The accuracy of the forcing database in $Re_\tau =543$ flow is verified by comparing the state $\hat {\boldsymbol {q}}$ to its resolvent-based prediction $\boldsymbol{\mathsf{R}}\hat {\boldsymbol {f}}$ in figure 4. Such an evaluation has already been performed by Morra et al. (2021) for two dominant structures, and it is here extended to a broader range of wavenumbers.

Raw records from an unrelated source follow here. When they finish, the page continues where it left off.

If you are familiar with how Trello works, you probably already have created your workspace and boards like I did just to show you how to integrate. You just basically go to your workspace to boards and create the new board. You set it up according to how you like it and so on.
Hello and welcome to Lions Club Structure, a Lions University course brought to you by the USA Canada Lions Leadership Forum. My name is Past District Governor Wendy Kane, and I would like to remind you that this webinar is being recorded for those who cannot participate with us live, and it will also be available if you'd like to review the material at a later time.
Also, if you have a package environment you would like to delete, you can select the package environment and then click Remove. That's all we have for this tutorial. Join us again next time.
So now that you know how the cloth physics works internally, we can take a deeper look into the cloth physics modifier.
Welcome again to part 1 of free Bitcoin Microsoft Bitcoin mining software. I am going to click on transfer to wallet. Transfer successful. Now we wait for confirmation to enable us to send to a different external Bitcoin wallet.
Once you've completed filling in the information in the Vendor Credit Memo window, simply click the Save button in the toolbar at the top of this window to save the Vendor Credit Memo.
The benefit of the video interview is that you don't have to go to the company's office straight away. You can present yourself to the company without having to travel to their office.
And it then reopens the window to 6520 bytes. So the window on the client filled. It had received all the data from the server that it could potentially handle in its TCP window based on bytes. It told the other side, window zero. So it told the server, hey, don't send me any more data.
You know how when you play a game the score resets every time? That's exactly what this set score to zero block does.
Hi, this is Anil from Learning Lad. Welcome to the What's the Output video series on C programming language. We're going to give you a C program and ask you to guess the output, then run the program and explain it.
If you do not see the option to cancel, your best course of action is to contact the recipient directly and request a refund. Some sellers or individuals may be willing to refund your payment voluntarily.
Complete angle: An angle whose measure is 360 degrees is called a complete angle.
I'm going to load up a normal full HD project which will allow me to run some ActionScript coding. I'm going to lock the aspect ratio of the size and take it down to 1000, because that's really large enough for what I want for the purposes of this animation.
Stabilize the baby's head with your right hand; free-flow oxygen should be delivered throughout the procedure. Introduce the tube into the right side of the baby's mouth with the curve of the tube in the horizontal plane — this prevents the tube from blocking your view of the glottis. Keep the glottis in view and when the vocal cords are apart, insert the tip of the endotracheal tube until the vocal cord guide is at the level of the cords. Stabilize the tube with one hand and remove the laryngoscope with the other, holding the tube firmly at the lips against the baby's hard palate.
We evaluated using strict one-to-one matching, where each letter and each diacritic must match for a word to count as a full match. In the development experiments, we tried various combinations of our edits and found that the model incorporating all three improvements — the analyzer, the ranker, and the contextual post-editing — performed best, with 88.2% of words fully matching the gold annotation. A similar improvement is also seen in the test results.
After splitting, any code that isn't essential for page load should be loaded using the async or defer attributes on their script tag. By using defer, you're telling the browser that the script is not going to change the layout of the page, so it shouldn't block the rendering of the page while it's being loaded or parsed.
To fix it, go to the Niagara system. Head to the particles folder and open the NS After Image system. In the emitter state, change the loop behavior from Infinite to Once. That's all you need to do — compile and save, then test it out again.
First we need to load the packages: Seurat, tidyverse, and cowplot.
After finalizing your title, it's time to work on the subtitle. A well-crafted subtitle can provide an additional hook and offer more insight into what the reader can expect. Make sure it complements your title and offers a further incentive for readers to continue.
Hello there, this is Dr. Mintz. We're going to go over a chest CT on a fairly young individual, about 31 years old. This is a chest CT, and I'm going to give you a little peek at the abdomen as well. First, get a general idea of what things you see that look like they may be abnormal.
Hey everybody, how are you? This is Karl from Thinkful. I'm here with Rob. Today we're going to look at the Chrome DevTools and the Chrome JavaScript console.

As seen in the figure, the resolvent-based prediction of the response matches the DNS state data for the entire wavenumber span considered.

Figure 4. PSD of the response $\hat {\boldsymbol {q}}$ (solid lines) in comparison to its resolvent-based prediction $\boldsymbol{\mathsf{R}}\hat {\boldsymbol {f}}$ (markers) at $\omega _{max}$ for different Fourier-mode pairs with $\textrm {AR}=6$. Wavelengths plotted are $\rm\lambda _x^+=487$, 569, 683, 853, 1137 and 1706.

The square root of PSD of the wall shear $\tau _z$ calculated at $\omega _{max}$ is shown in figure 5. The amplitude is seen to decrease for increasing $\alpha ^+$ as expected from figure 2. The trend is almost linear for $\alpha ^+>7.4\times 10^{-3}$.

Figure 5. Amplitude spectral density of spanwise wall shear $\tau _z$ at $\omega _{max}$ for different Fourier-mode pairs with $\textrm {AR}=6$.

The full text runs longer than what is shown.